Would you please output the lines from the one holding "Staybridge Suites - Overland" to the end of the entries, exactly and with no others?

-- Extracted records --
========

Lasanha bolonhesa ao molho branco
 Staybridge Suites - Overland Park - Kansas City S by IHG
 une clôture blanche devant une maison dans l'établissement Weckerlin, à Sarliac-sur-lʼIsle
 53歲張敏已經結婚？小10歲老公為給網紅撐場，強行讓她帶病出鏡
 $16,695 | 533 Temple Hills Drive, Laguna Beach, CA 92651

========

-- ANSWER TO THIS PROBLEM --
 Staybridge Suites - Overland Park - Kansas City S by IHG
 une clôture blanche devant une maison dans l'établissement Weckerlin, à Sarliac-sur-lʼIsle
 53歲張敏已經結婚？小10歲老公為給網紅撐場，強行讓她帶病出鏡
 $16,695 | 533 Temple Hills Drive, Laguna Beach, CA 92651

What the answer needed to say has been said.